Once that statement is made the first time you meet , your relationship becomes sexual and nothing more. There is little to no communication , there is no structure, there is nothing but you on your knees or on your back. Don’t get me wrong some are very happy with a situation like Ive stated above.
I am also sure some of you have experienced just what I just spoke about, and it is really sad you continue to follow such a dumb ass.

Your caught up in the moment , your caught up in the awe of things because you are now owned , and it is clear you the sub or slave really has no clear definition of the lifestyle.
What is even more disturbing you really do not have a clue as to what your looking for, you just know your looking for something.
You really have no clear definition , what the lifestyle really means.

When I started my journey I knew exactly what I was looking for in a partner. I knew the height, the weight , the personality. I had a clear picture in my head of how I wanted to live. I refused to settle for less because I knew inside I was better, I knew I deserved better and I refused to settle for less.

Life today is good , it could not get any better , and it is more than I ever dreamed possible, but that is because I had patience.

Your training is never ending because we change, as humans our needs change on a daily basis, so we either lose or we adapt. I can assure you it is much easier to adapt.

Once you have everything in place , it is just daily communication to keep the flow of things going. I cannot stress enough how much these two words mean. Consistent and consistency. You should have post it notes all over your home with these two words, and you should live by them and refuse to settle for any less.

Here is the thing , you already know your submissive, you already know you want to submit. You know your a slave , you already know you want to serve.
You do not want to be told to, you do not want someone to demand you submit. You should want to be in a place where you can do so willingly.
You want someone to step in and mold you.

You want a Dominant who can take what you have to offer and perfect it, and there is such a thing as perfection. You want someone who wants to grow with you and care enough to have the need to guide you.

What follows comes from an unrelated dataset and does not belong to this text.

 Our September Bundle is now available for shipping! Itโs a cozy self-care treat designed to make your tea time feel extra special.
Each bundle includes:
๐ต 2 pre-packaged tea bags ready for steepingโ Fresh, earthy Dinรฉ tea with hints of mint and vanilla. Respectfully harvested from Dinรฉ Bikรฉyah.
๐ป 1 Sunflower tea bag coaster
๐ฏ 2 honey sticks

You want someone who is going to be there for you, when times are good and when they are bad, you want someone who will understand your neediness and not see it as a weakness. You want someone who really understands you.

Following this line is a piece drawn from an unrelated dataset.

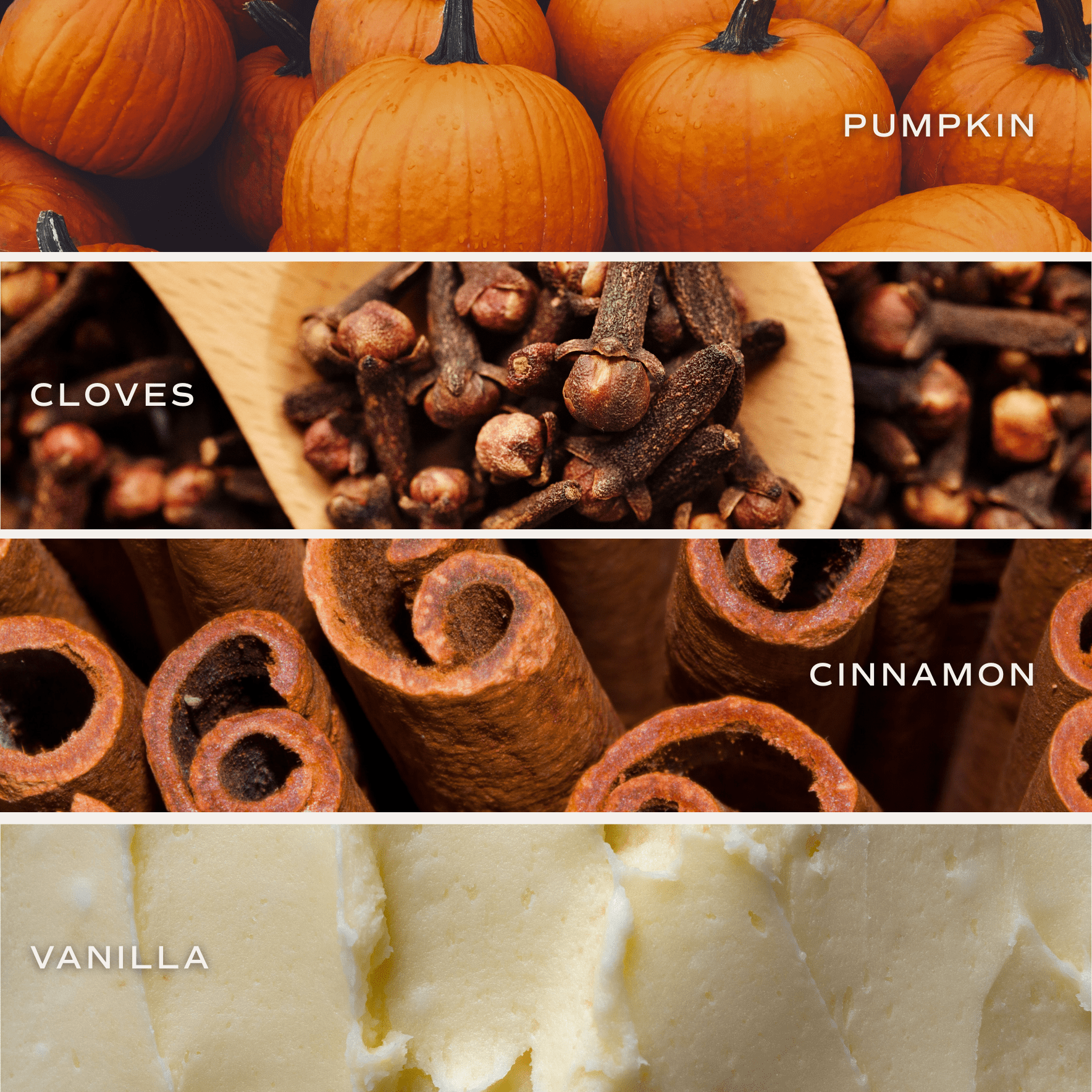 Pumpkin Spice Soy Candle - Patterned 9 oz - Clear Jar - Sweet Water Decor - Candles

It is not science , it is not even math. It is both of you being who you are and wanting the same thing out of life. That my friend is not asking for a kidney.

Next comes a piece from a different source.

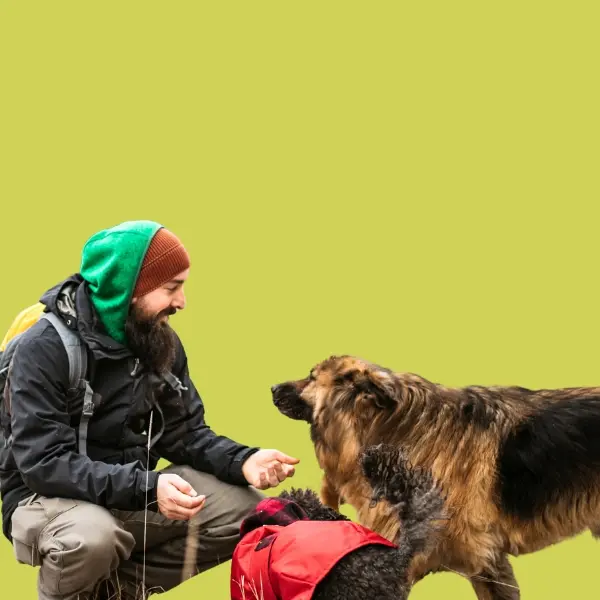 Dog-Friendly Experience Gift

Arianna grows almost daily , and now she is at the point to where she is able to express your inner thoughts and her needs , and it is me who adapts to her needs . In turn this allows her to grow and it gives her a chance to explore her submission…

The road is not hard and you can prevent pot holes.

Consistency

Vile

19 Responses to “My Wife , My Partner , My Slave”

  1. I don’t want the perfect partner — I couldn’t live up to the pressure. I wanted someone who would work and grow with me. Semantics – I know. That first line of the second paragraph scared me.

    • Fantastic thought, and not all that uncommon. Many is the slave who has felt “unworthy” of attention. The answer however is incredibly simple. It s the owner who makes that decision, it is their sole honor and privilege to decide worthiness. No slave should presume to decide their worthiness on behalf of an owner. A slave need only see to the Master or Mistress’s happiness – if they are given the privilege to serve.. and if that brings happiness in return.. semantics aside.. that’s pretty much a perfect life.

  2. I am jealous, I want someone to stretch my boundaries in ways like what you have.

  3. congrats Vile! couldn’t have happened to a nicer couple!

  4. Loving and growing together; what could be better?
    Love to you both,

    Ash

  5. Reblogged this on thekinkyworldofvile and commented:

    Wow this was written two years ago.
    New post coming tomorrow

  6. I am happy for you both my friend.

  7. I once posted something similar and got blasted for it! LOL I’m glad I’m (well Sir and I) not the only one who feels this way!
    IMO if the dominant is not there for me and my needs and to make me better than why do I need one…??